Le malheur des uns fait le bonheur des autres, dit-on. Pendant que l’Occident continue de sanctionner sévèrement la Russie pour avoir envahi l’Ukraine et violé sa souveraineté nationale, les pays africains semblent profiter de l’occasion pour y monitorer des opportunités économiques à long terme.
Issa SIKITI DA SILVA
Classée en 2020 comme premier exportateur mondial de gaz naturel avec 22,6 % des exportations nettes mondiales et 2e exportateur de pétrole brut (13,2 %) et des produits raffinés, la Russie est en voie de perdre ces positions prestigieuses.
Son premier client de gaz naturel, l’Union européenne (UE), qui en 2021 a importé 140 milliards de m3 de gaz de Russie par gazoduc et 15 milliards de m3, sous forme de gaz naturel liquéfié (GNL), veut chercher ailleurs. En plus, ses 8 millions de barils de pétrole brut par jour de contribution au marché mondial pourraient se retrouver « dans le néant » si l’Occident persiste et signe de la bouter hors du marché mondial.
Devant ce fait accompli, les experts pensent que l’Afrique pourrait profiter de ce tournant imprévisible de l’histoire pour chercher une place au soleil dans la cour des grands.
Selon Danielle Resnick du think-tank américain Brookings Institution, le gaz naturel africain pourrait réduire la dépendance de l’Europe vis-à-vis de l’énergie russe.
A en croire cette politologue spécialiste en économie mondiale et développement basée à Washington, si les tensions en Ukraine suscitent un intérêt croissant pour les réserves de la Tanzanie, qui détient les sixièmes réserves de gaz les plus grosses en Afrique, les 1400 milliards de mètres cubes de gaz naturel découverts au Sénégal entre 2014 et 2017 pourraient attirer des capitaux de l’Europe, qui cherche à diversifier ses besoins d’énergie.
Nigéria
« Il y a aussi le Nigéria, déjà fournisseur de GNL de plusieurs pays européens, qui se lance également avec le Niger et l’Algérie sur le projet de gazoduc Transsaharien pour accroître les exportations de gaz naturel vers les marchés européens », a renchéri Danielle Resnick dans un document de recherche publié le 25 février 2022 par le Brookings Institution.

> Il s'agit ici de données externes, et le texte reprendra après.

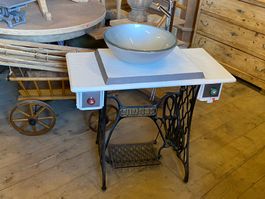 ART 367-I Meuble vasque SINGER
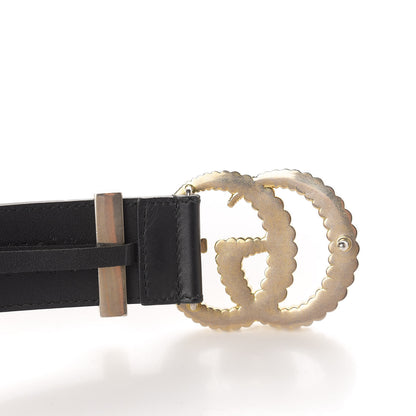 Gucci Moon Calfskin Torchon Double G 40mm Belt 105 42 Black 5 of 7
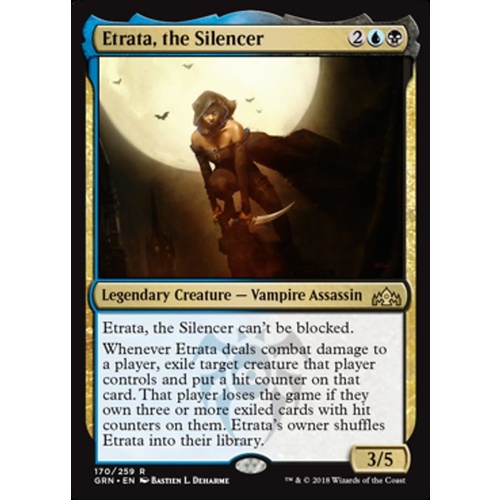 Etrata, the Silencer FOIL - GRN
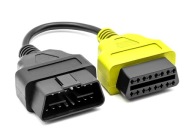 Adapter do MultiEcuScan AlfaOBD OBD typ A3 żółty ELM327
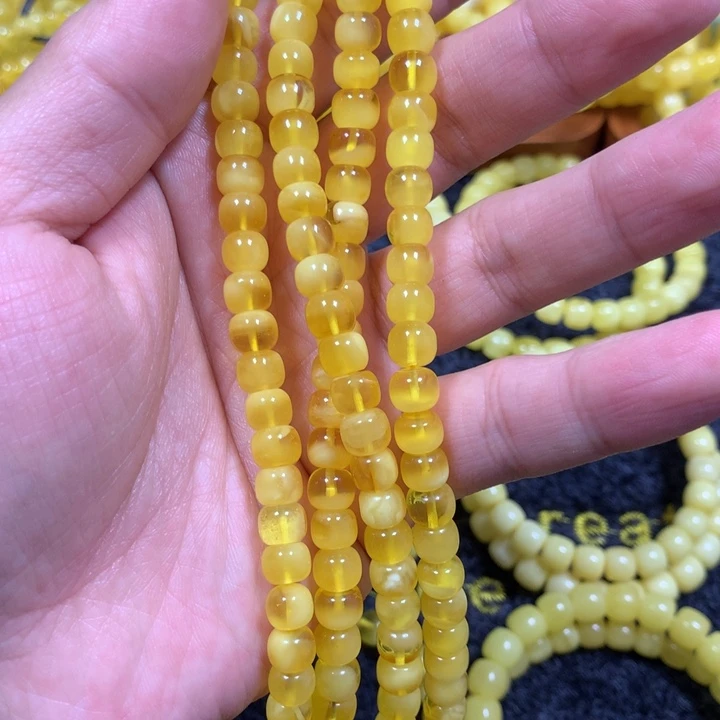 手链琥珀未镶嵌7.3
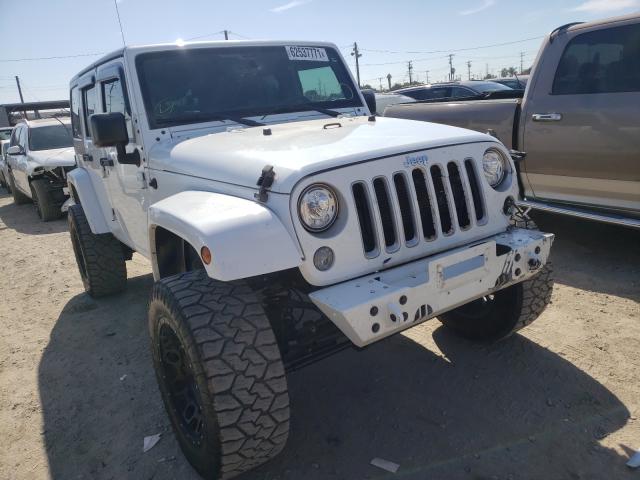 2017 JEEP WRANGLER U 1C4BJWEG0HL621750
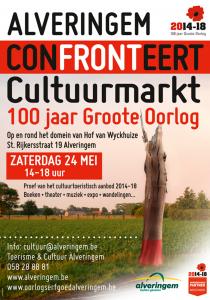 Cultuurmarkt - flyer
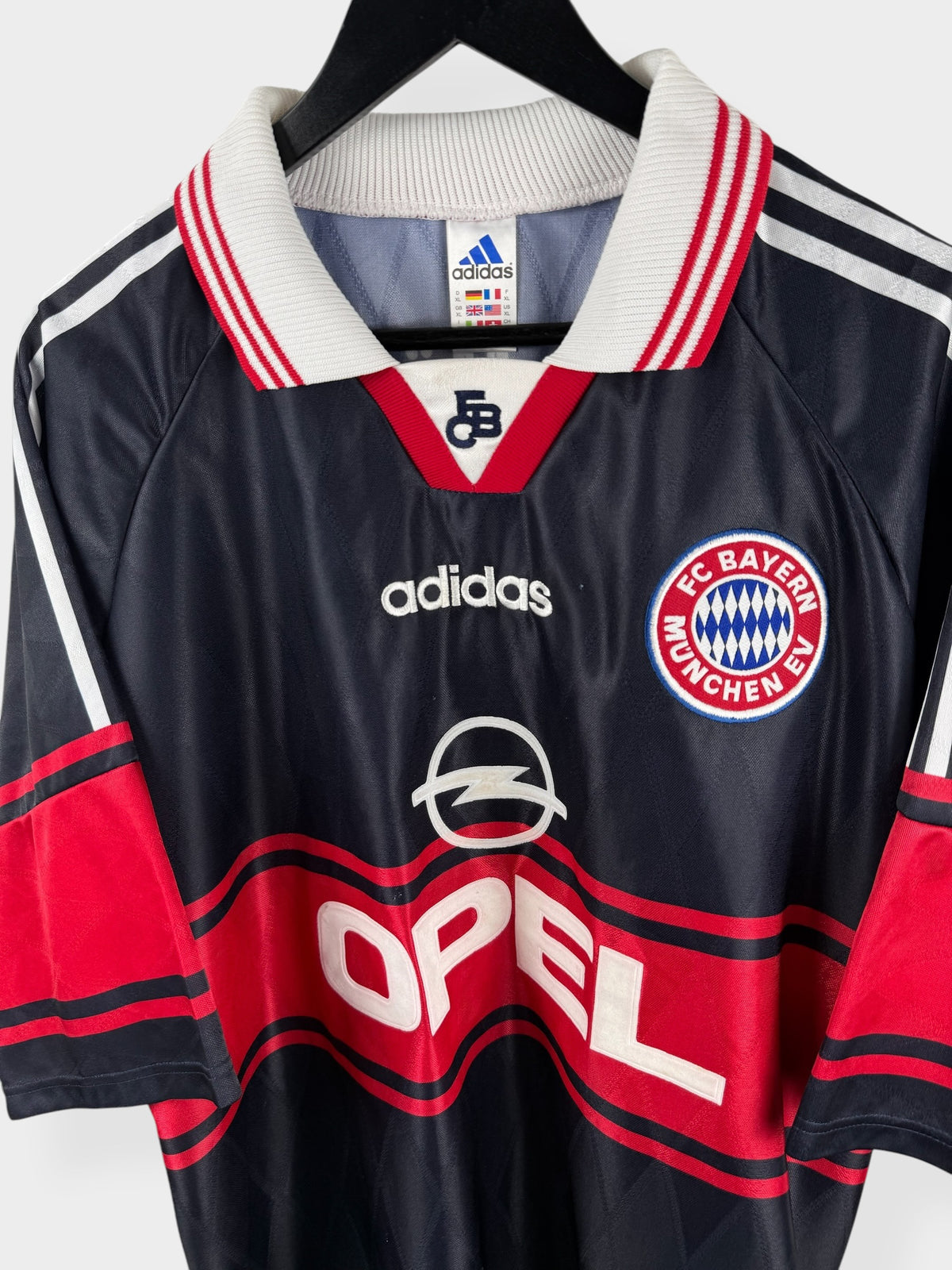 THUISSHIRT BAYERN MÜNCHEN 1997-99 XL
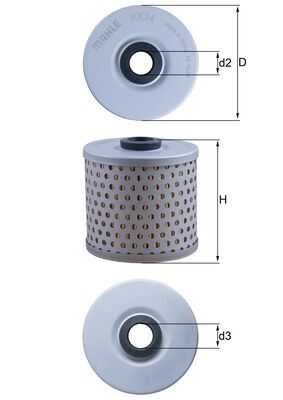 KX34, Fuel filter, Fuel filter, MAHLE, 0000650616, 0001229147, 0004774315, 00314070, 01289052, 05726779, 0854804700, 12032455760, 13871/12, 1457431085, 145FC, 1/4BFP, 154077991660, 15A53CH, 17504, 20472, 2502175041, 2661800, 2910121223502, 33710, 406003, 412123, 450, 45310010A, 5612032455760, 610D0053, 659573, 6604946, 7984316, 8020
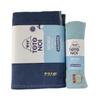 Сауна MOKU Банное полотенце полотенце для лица Сауна Oropo [KON-TEX] <59505-90> & (1 каждый) (военно-морской флот) (вода)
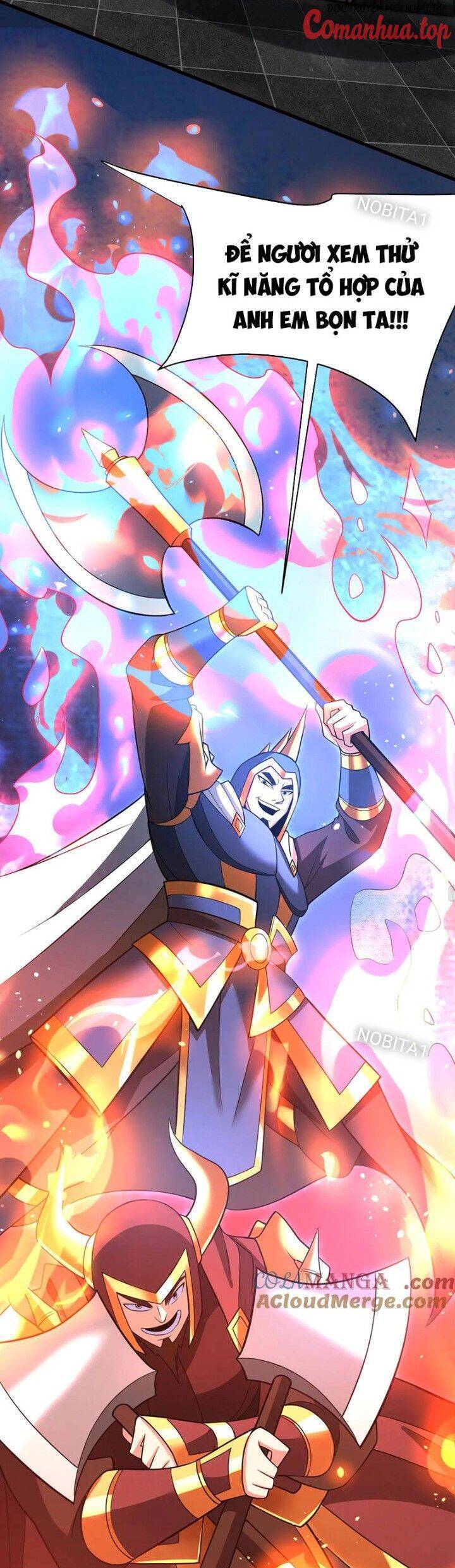 Đại Tần Ta Con Trai Tần Thủy Hoàng Giết Địch Thăng Cấp Thành Thần - Chapter 163 - Page 17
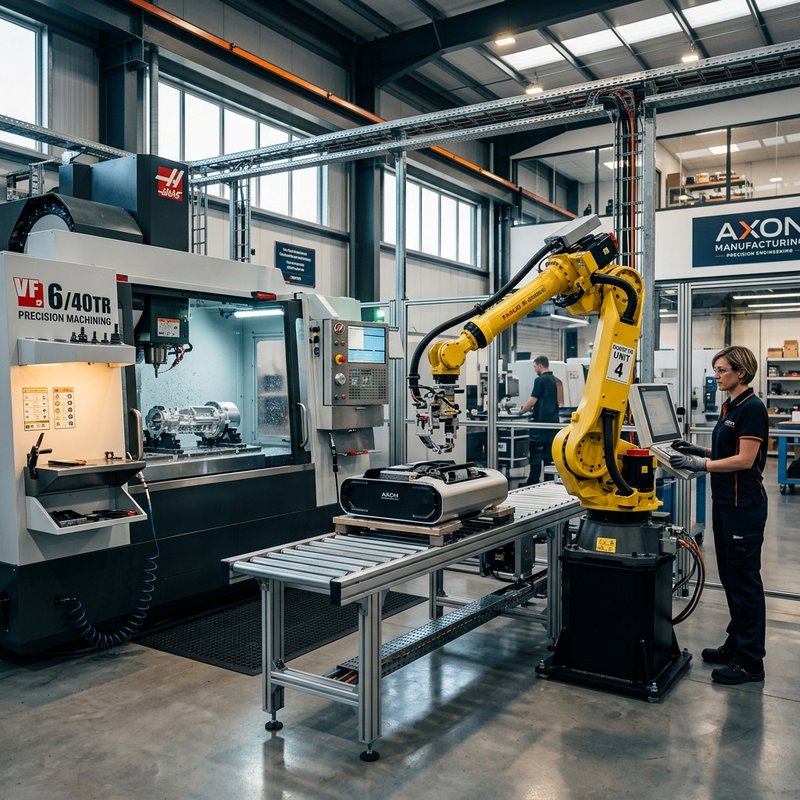 Equipamiento productivo e industrial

Le 16 février dernier, ces trois pays ont signé un accord pour développer le pipeline, estimé à 13 milliards de dollars.
Les trois premiers producteurs de gaz du continent, à savoir l’Algérie, l’Égypte et le Nigéria, produisent 87% de la production totale de gaz en Afrique.
Quant au Mozambique, l’autre géant du gaz naturel africain de plus en plus considéré comme le « Qatar africain », ses réserves énormes de gaz semblent attirer de plus en plus d’investisseurs, dont TotalEnergies, ce groupe français qui compte extraire 13 millions de tonnes de gaz par an dès 2024 avec un investissement de 20 milliards de dollars.
Ukraine
L’invasion de l’Ukraine par la Russie semble avoir jeté une ombre sur l’Afrique.
Malgré la distance géographique qui sépare le continent avec le lieu du conflit, il existe des liens importants entre l’Ukraine et l’Afrique, notamment plus de 8 000 Marocains et 4 000 Nigérians étudiant en Ukraine et plus de 4 milliards de dollars d’exportations de l’Ukraine vers l’Afrique, a fait savoir le Brookings Institution.